Olhe para a cor semelhante e decida por si mesmo. Aqui está um gráfico que eu encontrei simulando Marte ao longo de milhares de anos. Será que estamos vendo a vida e a morte de um planeta diante de nossos olhos?
Assista a um Time Lapse da Terra liberado pelos Russos
Rússia está a considerar seriamente uma possível ameaça de ataque a partir do espaço e, apesar dos problemas econômicos que o país está enfrentando, o governo decidiu restaurar o sistema de alerta orbital e encontrar recursos a serem alocados para esse fim. Como foi anunciado pelo Ministério da Defesa, a questão deve 'ser resolvida até 2020.
"NOS ÚLTIMOS MESES TINHA-SE FALADO MUITO DE SATÉLITES ESPIÕES E SATÉLITES ASSASSINO, CAPAZ DE ALTERAR E EXCLUIR OBJETOS INIMIGOS DA ORBITA. PARA DESENVOLVÊ-LOS, ALÉM DA RÚSSIA, OS EUA E A CHINA TAMBÉM "
O Vice-Primeiro Ministro russo Dmitri Rogozin, citado pela agência de notícias Interfax, disse que, para evitar a ameaça de um ataque a partir do espaço, será "criado" em um curto espaço de tempo "um sistema único espaço consiste de" um grande número de satélites " Além disso, a fim de detectar ameaças ou "perigo". A meta ', em junho, nas Forças Armadas russas fez sua entrada um novo tipo de tropas: Special Forces aeroespacial.
A iniciativa 'a resposta russa às novas tecnologias desenvolvidas pelos Estados Unidos e o crescente clima de tensão com Washington, mas especialmente para os acidentes misteriosos envolvendo objetos voadores não identificados, capturados em solo russo.
Prepare-se, é hora para uma teoria da conspiração incrível.
Se você é um fã de ficção científica, você sabe sobre Arthur C. Clarke (e Stanley Kubrick) romance seminal série 2001: Uma Odisséia no Espaço . Na segunda parcela, de 2010: Odyssey Two , o monolito alienígena que estava na órbita de Júpiter replica-se e começa a condensar o gigante de gás, eventualmente, transformá-la em um sol menor.

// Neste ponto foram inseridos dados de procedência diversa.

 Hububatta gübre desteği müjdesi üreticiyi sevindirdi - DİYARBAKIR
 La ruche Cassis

Este processo transforma o ex-luas do planeta em mundos habitáveis adequados para a vida. As pessoas da Terra, consequentemente, nomear o segundo sol no céu Lúcifer.

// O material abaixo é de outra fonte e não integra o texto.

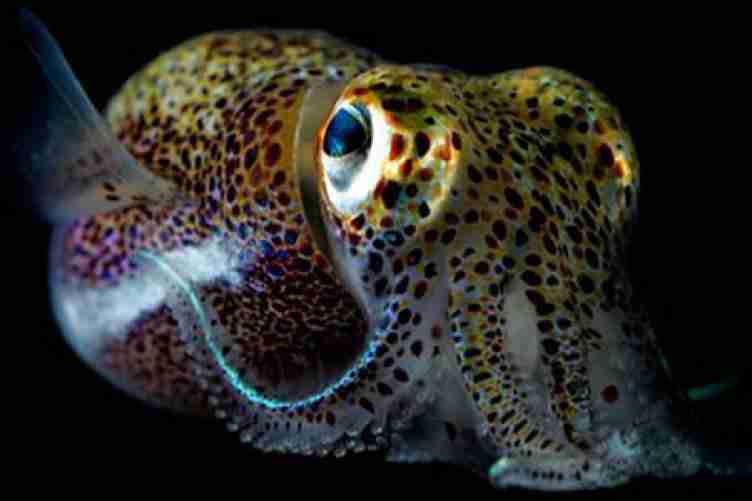 small squid in deep waters
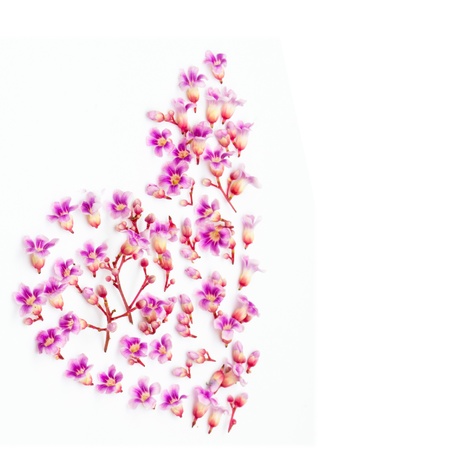 beautiful pink flowers isolatedの写真素材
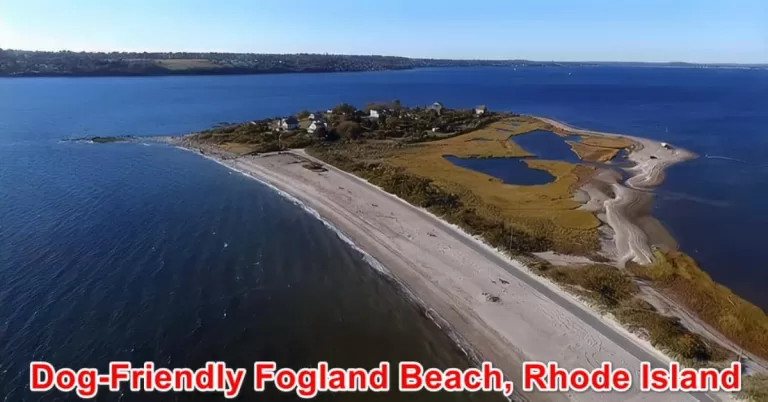 Dog-Friendly Fogland Beach, Rhode Island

Sem ficar muito eclesiástico, o termo Lucifer vem do latim e significa literalmente "luz-propositura. ' Nome apropriado para nova estrela do sistema solar.
A maioria de nós consideram este conceito como nada mais do que ficção científica e quase impossível de conseguir com nosso atual nível de tecnologia. Mas uma série de teóricos da conspiração não só acredita que é possível, eles realmente afirmar este é um dos projetos em curso da NASA. Aqui está o porquê.

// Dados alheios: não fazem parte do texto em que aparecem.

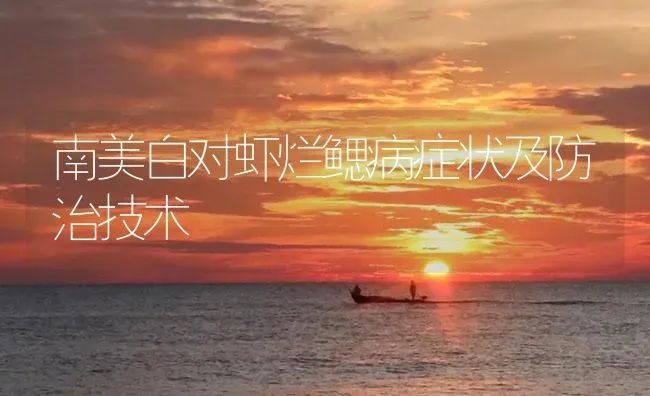 南美白对虾烂鳃病症状及防治技术 | 海水养殖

Júpiter tem sido chamado de uma estrela falhada, no sentido de que se tivesse mais em massa, ele poderia ter começado a fusão nuclear e efetivamente se tornar uma estrela. Infelizmente (felizmente?), Os astrofísicos calculou que teria de ser 75 vezes mais massiva, a fim de fazê-lo.
Os teóricos da conspiração acreditam que este défice de massa poderia ser corrigida com a adição de combustível nuclear que poderia impulsionar o processo de fusão nuclear. Digite sondas espaciais da NASA Galileo, Cassini, Voyager e do descanso.
Para que estas sondas espaciais para trabalhar, eles precisam de uma fonte confiável de combustível como energia solar torna-se difícil de travar ao chegar após a órbita de Marte. Por isso, a NASA equipada suas sondas com uma fonte de energia chamado de RTG, short para o gerador termoelétrico de radioisótopos. O decaimento radioativo do plutônio-238 pelotas contidos em um RTG produz constantemente eletricidade que alimenta a sonda.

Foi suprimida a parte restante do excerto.